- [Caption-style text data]
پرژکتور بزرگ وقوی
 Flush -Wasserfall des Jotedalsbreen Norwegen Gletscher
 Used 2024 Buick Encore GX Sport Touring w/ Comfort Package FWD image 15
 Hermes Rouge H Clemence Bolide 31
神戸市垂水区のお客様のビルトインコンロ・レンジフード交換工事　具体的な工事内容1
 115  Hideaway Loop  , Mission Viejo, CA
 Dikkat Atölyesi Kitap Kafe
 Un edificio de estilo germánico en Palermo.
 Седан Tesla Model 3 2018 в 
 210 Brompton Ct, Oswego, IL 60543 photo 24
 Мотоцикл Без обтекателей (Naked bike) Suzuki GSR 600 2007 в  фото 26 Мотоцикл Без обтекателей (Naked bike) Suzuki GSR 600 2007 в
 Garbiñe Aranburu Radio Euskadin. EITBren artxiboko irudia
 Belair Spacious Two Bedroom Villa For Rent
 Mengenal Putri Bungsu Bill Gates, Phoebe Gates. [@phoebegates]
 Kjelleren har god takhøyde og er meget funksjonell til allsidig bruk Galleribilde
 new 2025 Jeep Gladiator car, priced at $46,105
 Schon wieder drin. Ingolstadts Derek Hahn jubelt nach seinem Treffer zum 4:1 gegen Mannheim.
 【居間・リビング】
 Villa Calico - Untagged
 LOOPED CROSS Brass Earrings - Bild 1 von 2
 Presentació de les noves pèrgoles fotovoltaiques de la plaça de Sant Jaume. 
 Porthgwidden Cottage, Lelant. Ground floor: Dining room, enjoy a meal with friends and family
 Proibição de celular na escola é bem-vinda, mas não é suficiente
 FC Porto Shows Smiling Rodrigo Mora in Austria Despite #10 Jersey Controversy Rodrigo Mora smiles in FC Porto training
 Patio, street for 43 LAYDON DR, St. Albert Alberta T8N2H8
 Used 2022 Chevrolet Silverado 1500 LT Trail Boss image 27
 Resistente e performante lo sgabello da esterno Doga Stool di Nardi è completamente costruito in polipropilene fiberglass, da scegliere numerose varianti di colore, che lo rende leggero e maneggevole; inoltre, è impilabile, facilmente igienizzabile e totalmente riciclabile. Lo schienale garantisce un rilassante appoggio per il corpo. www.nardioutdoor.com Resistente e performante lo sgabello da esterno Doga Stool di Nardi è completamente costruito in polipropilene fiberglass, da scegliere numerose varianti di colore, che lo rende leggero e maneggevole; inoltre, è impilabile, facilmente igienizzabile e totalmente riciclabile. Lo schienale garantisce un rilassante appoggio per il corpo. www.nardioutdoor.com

- [The problem]
Only the lines above that include the word "Used" belong in the answer; copy each one.

- [Result of this exercise]
 Used 2024 Buick Encore GX Sport Touring w/ Comfort Package FWD image 15
 Used 2022 Chevrolet Silverado 1500 LT Trail Boss image 27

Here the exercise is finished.